On 2018-04-25 16:39, Tom Ivar Helbekkmo<tih(a)hamartun.priv.no> wrote:
Ron Natalie<ron(a)ronnatalie.com> writes:
RK05’s were 4872 blocks. Don’t know why that
number has stuck with
me, too many invocations of mkfs I guess. Oddly, DEC software for
some reason never used the last 72 blocks.
I guess that's because they
implemented DEC Standard 144, known as
bad144 in BSD Unix. It's a system of remapping bad sectors to spares at
the end of the disk. I had fun implementing that for the wd (ST506)
disk driver in NetBSD, once upon a time...
Uh... DEC STD 144 does not have anything to do with remapping bad blocks
to replacement good blocks. DEC STD 144 describes how a media stores
known bad blocks on a disk, so that file system initialization can then
take whatever action needed to that these blocks are not used by
anything. In RSX (and VMS), they will be included in a file called
BADBLK.SYS, and thus be perceived as "used".
bad144 in NetBSD will keep the a table in memory for such disks, and
"skip" blocks listed in the list as bad, meaning all other blocks gets
shifted. So it sortof do a remapping to good blocks by extending the
used blocks, and does not allocate anything at the end of the disk per
se. However, that is a Unix specific solution. OS/8 had a similar
solution for RL01 and RL02 drives, but not RK05 (as RK05 disks don't
follow DEC STD 144.)
I don't know exactly why DEC left the last three tracks unused. Might
have been for diagnostic tools to have a scratch area to play with.
Might have been that those tracks were found to be less reliable. Or
maybe something completely different.
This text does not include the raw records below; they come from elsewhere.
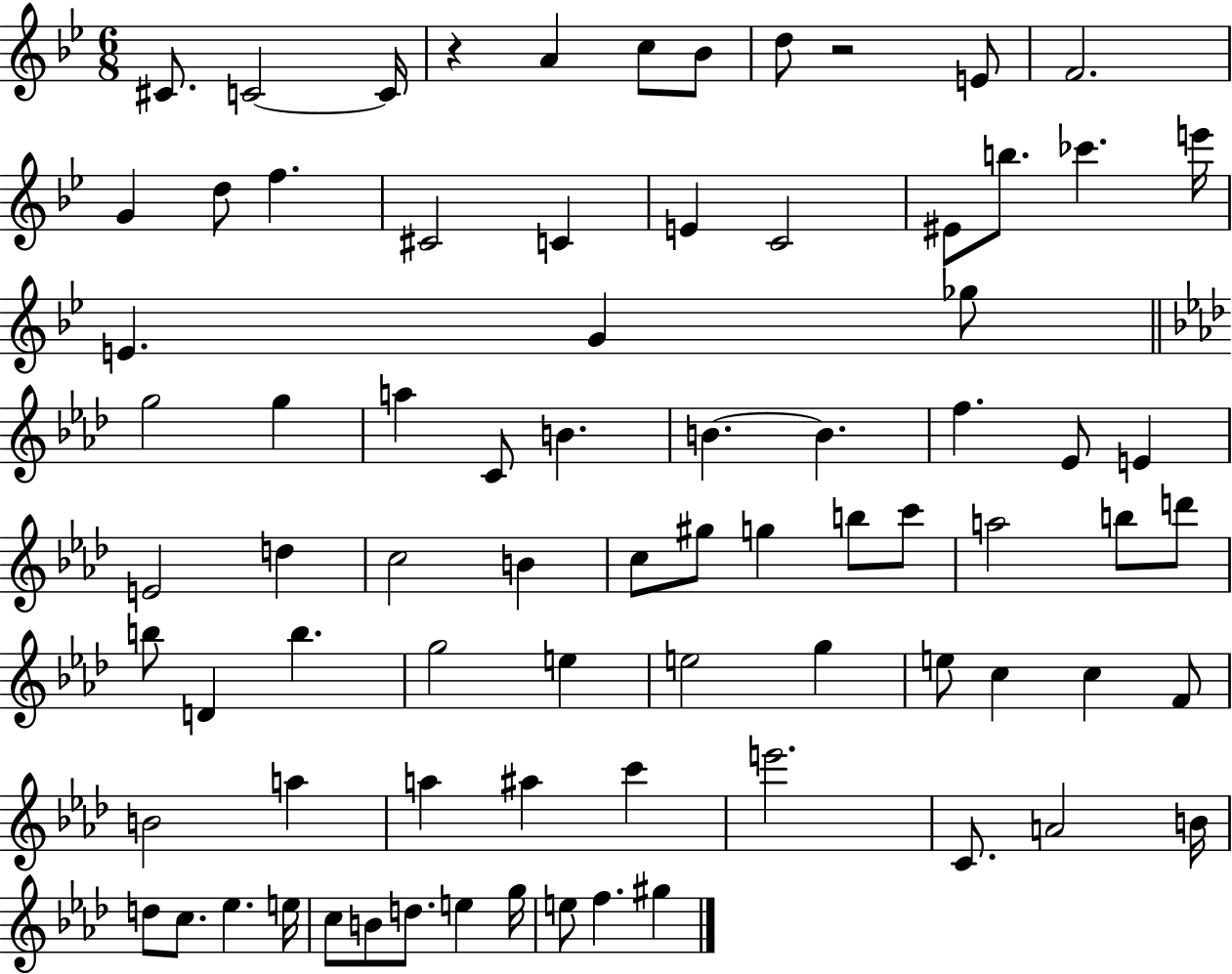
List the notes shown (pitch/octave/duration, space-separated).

C#4/e. C4/h C4/s R/q A4/q C5/e Bb4/e D5/e R/h E4/e F4/h. G4/q D5/e F5/q. C#4/h C4/q E4/q C4/h EIS4/e B5/e. CES6/q. E6/s E4/q. G4/q Gb5/e G5/h G5/q A5/q C4/e B4/q. B4/q. B4/q. F5/q. Eb4/e E4/q E4/h D5/q C5/h B4/q C5/e G#5/e G5/q B5/e C6/e A5/h B5/e D6/e B5/e D4/q B5/q. G5/h E5/q E5/h G5/q E5/e C5/q C5/q F4/e B4/h A5/q A5/q A#5/q C6/q E6/h. C4/e. A4/h B4/s D5/e C5/e. Eb5/q. E5/s C5/e B4/e D5/e. E5/q G5/s E5/e F5/q. G#5/q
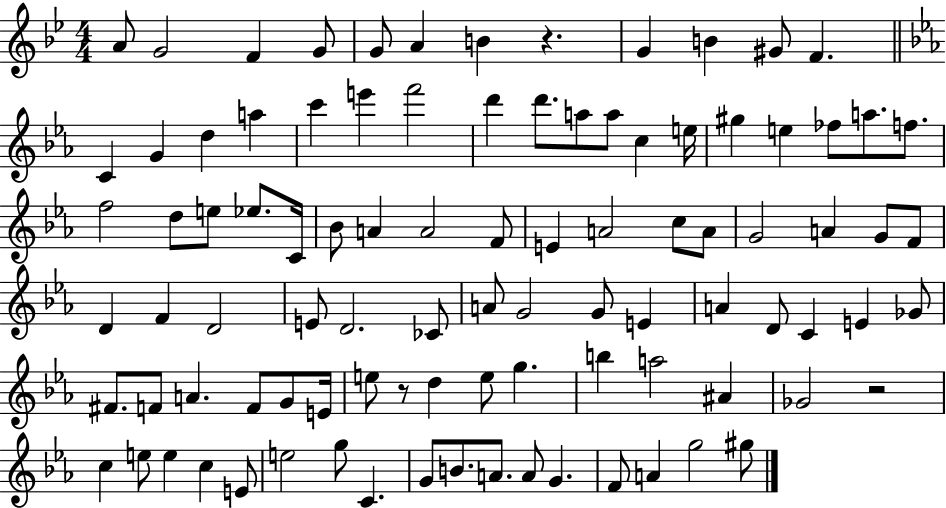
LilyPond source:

{
  \clef treble
  \numericTimeSignature
  \time 4/4
  \key bes \major
  a'8 g'2 f'4 g'8 | g'8 a'4 b'4 r4. | g'4 b'4 gis'8 f'4. | \bar "||" \break \key ees \major c'4 g'4 d''4 a''4 | c'''4 e'''4 f'''2 | d'''4 d'''8. a''8 a''8 c''4 e''16 | gis''4 e''4 fes''8 a''8. f''8. | \break f''2 d''8 e''8 ees''8. c'16 | bes'8 a'4 a'2 f'8 | e'4 a'2 c''8 a'8 | g'2 a'4 g'8 f'8 | \break d'4 f'4 d'2 | e'8 d'2. ces'8 | a'8 g'2 g'8 e'4 | a'4 d'8 c'4 e'4 ges'8 | \break fis'8. f'8 a'4. f'8 g'8 e'16 | e''8 r8 d''4 e''8 g''4. | b''4 a''2 ais'4 | ges'2 r2 | \break c''4 e''8 e''4 c''4 e'8 | e''2 g''8 c'4. | g'8 b'8. a'8. a'8 g'4. | f'8 a'4 g''2 gis''8 | \break \bar "|."
}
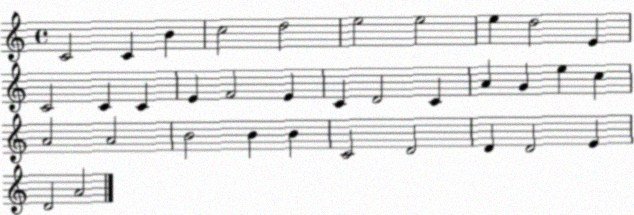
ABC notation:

X:1
T:Untitled
M:4/4
L:1/4
K:C
C2 C B c2 d2 e2 e2 e d2 E C2 C C E F2 E C D2 C A G e c A2 A2 B2 B B C2 D2 D D2 E D2 A2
But it was not for bad block
replacement, as DEC didn't even do that on RK05 (or more or less in
general at all before MSCP. MSCP, by the way, does not use DEC STD 144.)
Something Unix and other implementations usually miss with DEC STD 144
is that there are actually two tables with bad blocks defined by the
standard. There is the manufacturer defined bad blocks, which all
software seems to know and deal with, and there are the user defined bad
blocks, which are supposed to be where all bad blocks that develop after
manufacture are supposed to be placed. Lots of software does not deal
with this second list. In addition, you also have the pack serial number
and some stuff defined by DEC STD 144, which is also recorded on the
last track, where the bad block lists also are stored.
Note that this information is supposed to be on the last track, meaning
you cannot use the scheme Unix uses to remap bad blocks, unless you keep
some blocks before the last track unallocated.
The ultimate irony was when I discovered that bad144 under NetBSD was
only built for x86 machine, and not being built for VAX, which is the
only architecture supported which actually have real disks which follow
the DEC STD 144. But that was corrected about 20 years ago now (time flies).